First, the reasoning of Marsh and Niccum is straightforward. We have set it out above, but we shall reiterate: (1) absent a Rule 304(a) finding, a notice of appeal may not be filed before the trial court has disposed of all claims; (2) requests for sanctions under Rule 137 are claims within the underlying action; therefore (3) absent a Rule 304(a) finding, a notice of appeal may not be filed until the trial court has disposed of all requests for sanctions under Rule 137. We see no ambiguity or basis for confusion here.

The reason that our rules are so crafted is our often-stated policy against piecemeal appeals. Rule 137 motions deal with the propriety of filings in the underlying action. Appellate review of rulings on such motions will require the reviewing court to examine not only the particular filing or filings which were the subject of the motion, but often the entire context of the surrounding litigation as well. Accordingly, such appeals should be considered in tandem with any appeal from the litigation from which it was spawned. This is why Rule 137 provides that motions thereunder are claims in the underlying litigation–review of such a motion will almost inevitably require familiarity with the surrounding case.

Plaintiff also contends that Marsh is inherently contradictory. Plaintiff notes that Marsh held that a motion for sanctions is not a post-trial motion. See Marsh , 138 Ill. 2d at 461-64. Plaintiff contends that since only timely post-trial motions toll the time in which a notice of appeal must be filed, an appellant must file a notice of appeal within 30 days after the final order, in direct contrast to the ultimate holding in Marsh that a notice of appeal cannot be filed until all sanctions motions have been resolved.

This argument is a red herring. Plaintiff is correct–this court held in Marsh that a motion for sanctions is not a post-trial motion. However, as we noted in Marsh , this does not end the inquiry of when a notice of appeal must be filed. Marsh , 138 Ill. 2d at 464. The reason that a notice of appeal need not be filed until after the disposition of a motion for sanctions is not because a motion for sanctions is a post-trial motion, but because, again, it is a claim , and a notice of appeal may not be filed until after the trial court has finally disposed of all claims. See J. Eaton, W. Quinlan & R. Stern, The Notice of Appeal , in Illinois Civil Appellate Practice §8.7 (Ill. Inst. for Cont. Legal Educ. 1997) (“A notice of appeal that is filed before the entry of a final judgment, or Rule 304(a) certification if necessary, is a nullity”).

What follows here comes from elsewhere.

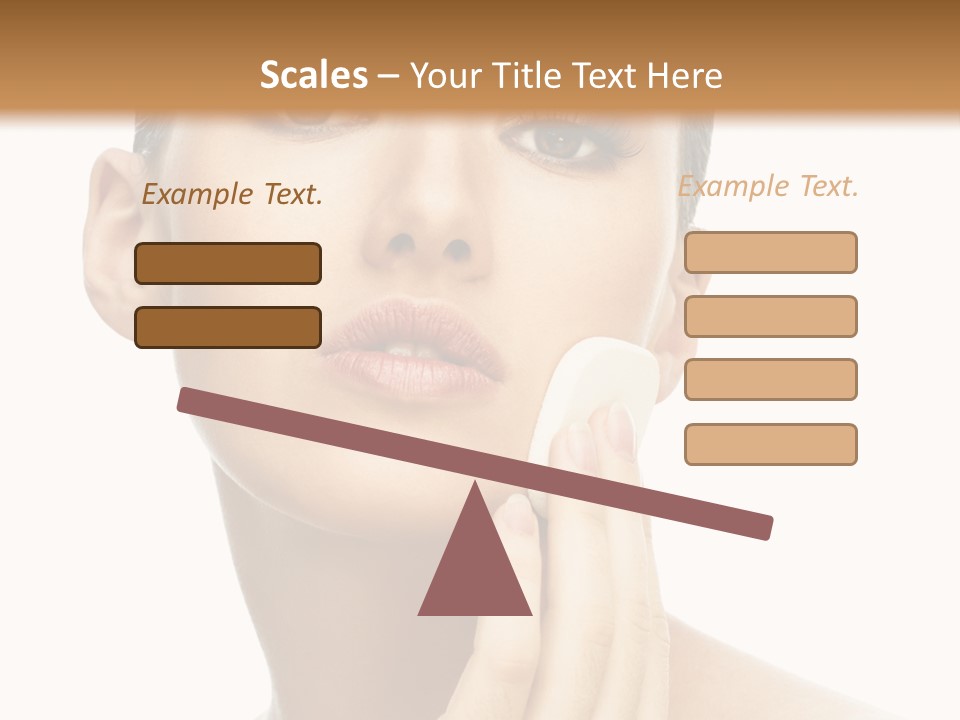 Beauty Closeup Caucasian PowerPoint Template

Plaintiff protests that Marsh establishes a scheme in which jurisdiction “bounces” back and forth between the appellate court and the circuit court. It contends that the circuit court loses all jurisdiction when a notice of appeal is filed, vesting jurisdiction in the appellate court, and that it is unseemly for this court to condone a rule which permits jurisdiction to revert to the circuit court once it has passed to the appellate court. We are not persuaded by this argument. Even leaving aside the question of sanctions, the circuit court does not completely lose jurisdiction upon the filing of a notice of appeal. It is beyond dispute that the circuit court has jurisdiction to act on a timely post-judgment motion. 735 ILCS 5/2–1301(e) (West 2000) (“[t]he court *** may on motion filed within 30 days after entry thereof set aside any final order or judgment upon any terms and conditions that shall be reasonable”). This is true even if that motion is filed after a notice of appeal, because the filing of the post-judgment motion renders the prior notice of appeal of no effect. See 155 Ill. 2d R. 303(a); Chand v. Schlimme , 138 Ill. 2d 469, 477-78 (1990).

Even if plaintiff is technically correct, that our resolution of this case means that the appellate court becomes vested with jurisdiction immediately upon the filing of a notice of appeal but can be divested thereof upon the subsequent filing of a motion for sanctions, the same minor peculiarity obtains when a post-judgment motion is filed after a notice of appeal. We note that because the time limit for filing Rule 137 motions is the same as the limit for filing notices of appeal–30 days from the entry of final judgment or disposition of the last timely post-judgment motion–the appellate court will have “temporary” jurisdiction for only a few days at most. We see neither a conceptual nor a practical difficulty with such a rule, especially in the case before us.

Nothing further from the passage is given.